TASK DIRECTIONS
Keeping every word the same, give again only the lines from the one with "Aritzia TNA White" through the end of the data, both included, and leave every picture out.

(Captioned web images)
_ _ _ _
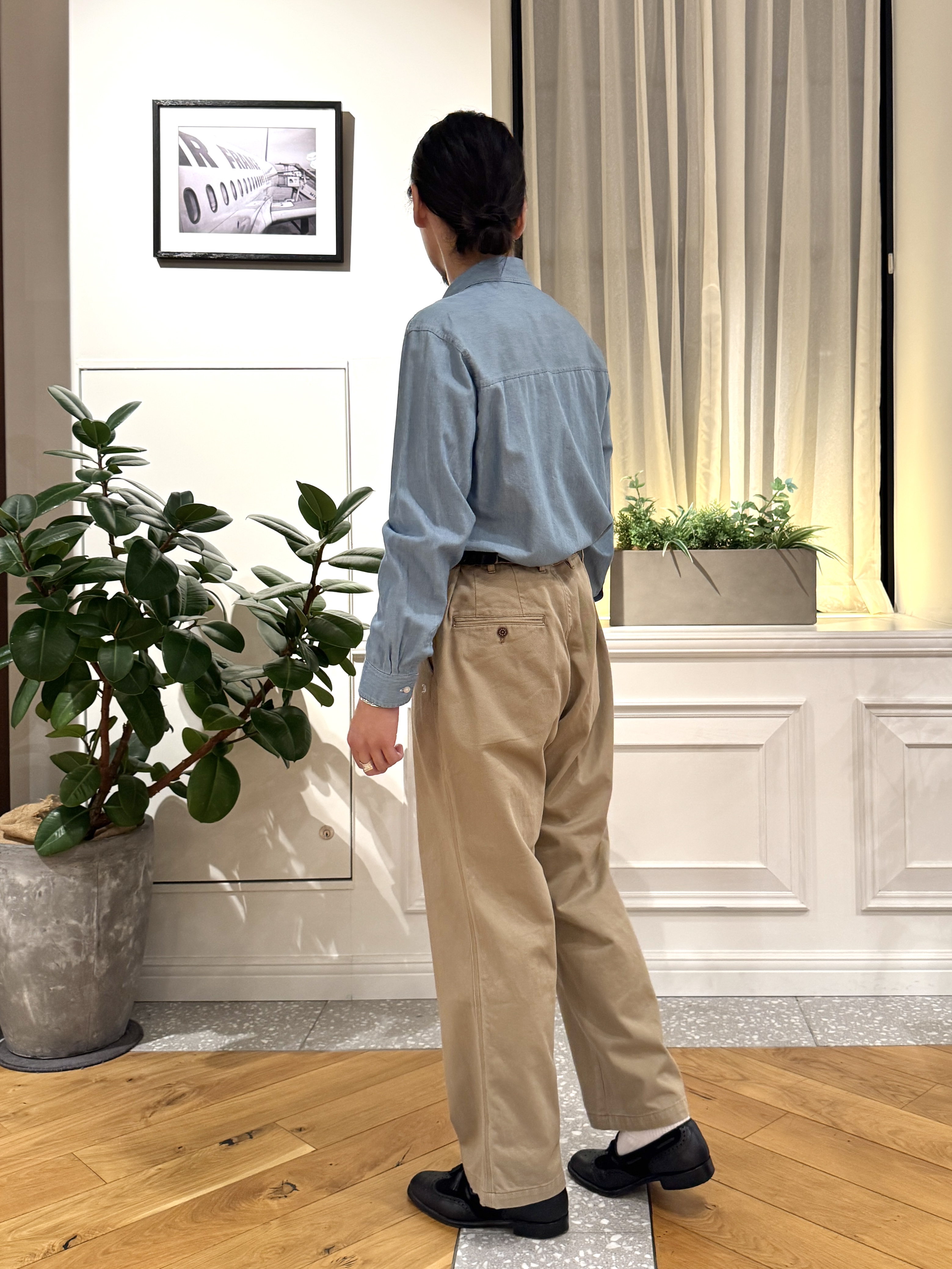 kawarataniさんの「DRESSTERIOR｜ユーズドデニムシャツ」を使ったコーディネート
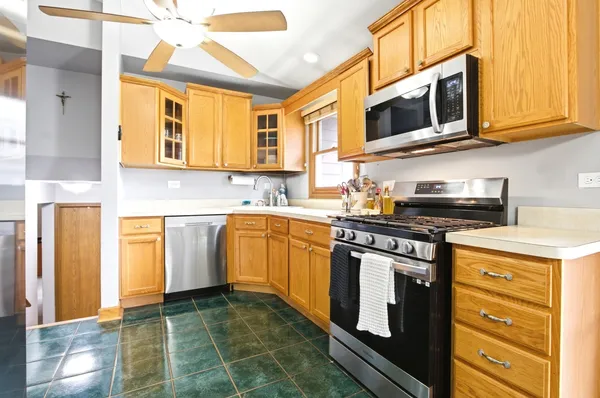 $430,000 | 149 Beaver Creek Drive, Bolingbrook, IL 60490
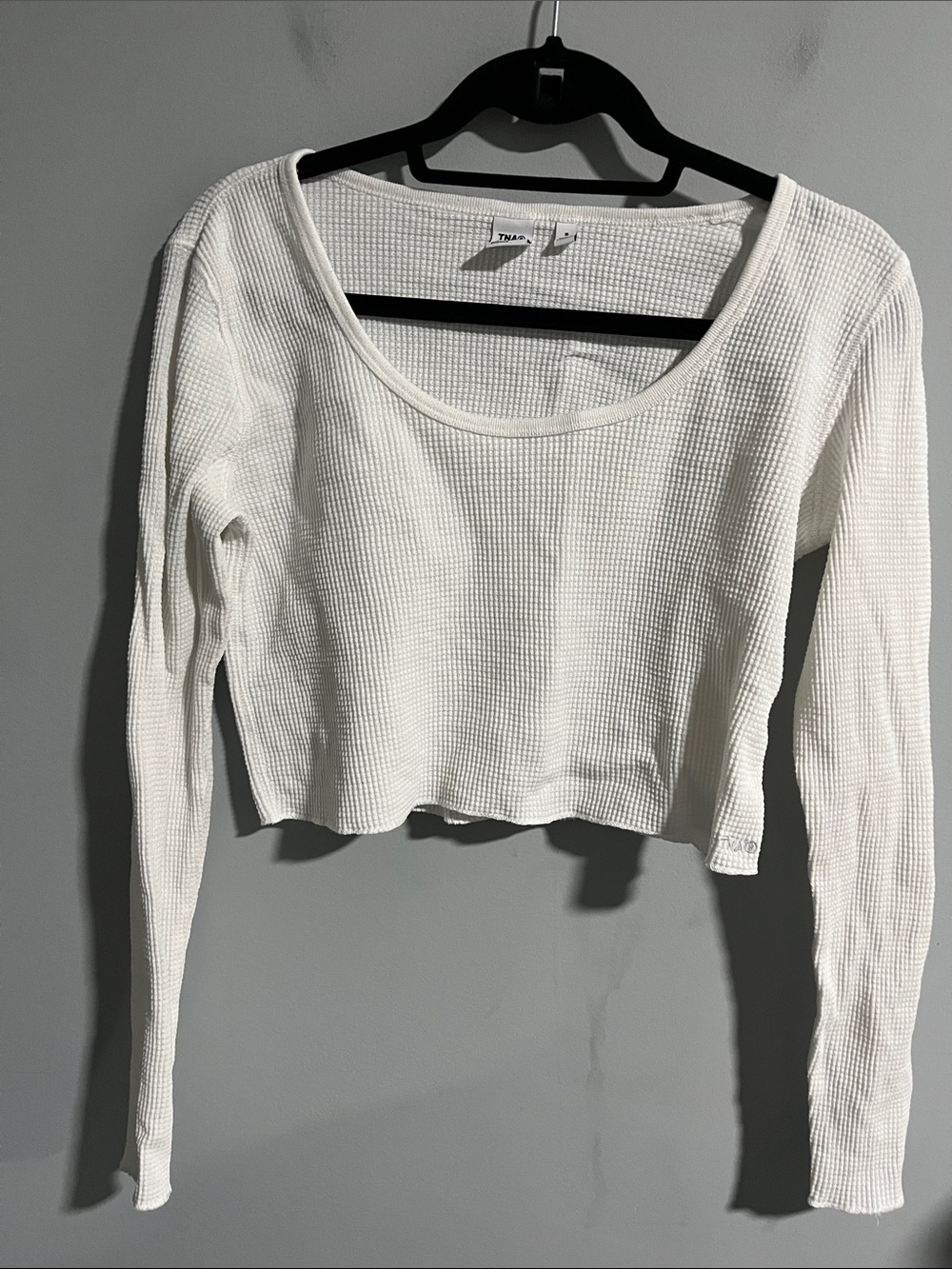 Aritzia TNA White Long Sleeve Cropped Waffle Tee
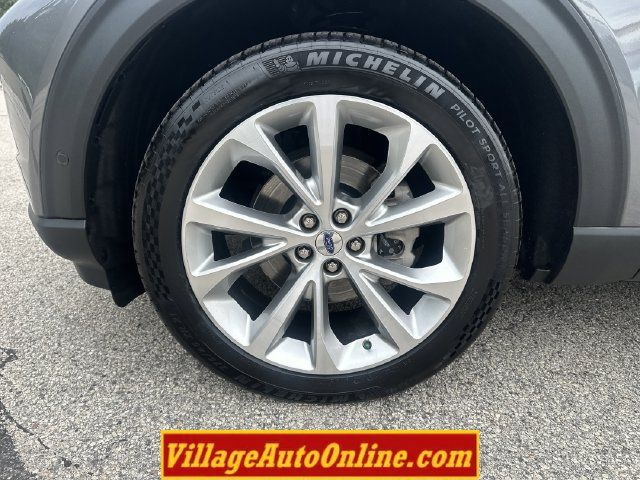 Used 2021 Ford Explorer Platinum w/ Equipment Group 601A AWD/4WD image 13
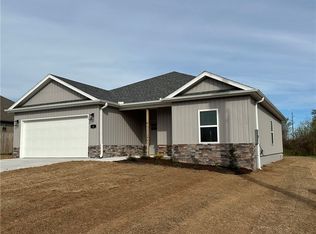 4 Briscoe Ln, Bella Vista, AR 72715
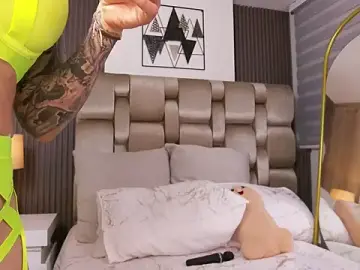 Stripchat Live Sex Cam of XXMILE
_ _ _ _
ANSWER TO THIS EXERCISE
 Aritzia TNA White Long Sleeve Cropped Waffle Tee
 Used 2021 Ford Explorer Platinum w/ Equipment Group 601A AWD/4WD image 13
 4 Briscoe Ln, Bella Vista, AR 72715
 Stripchat Live Sex Cam of XXMILE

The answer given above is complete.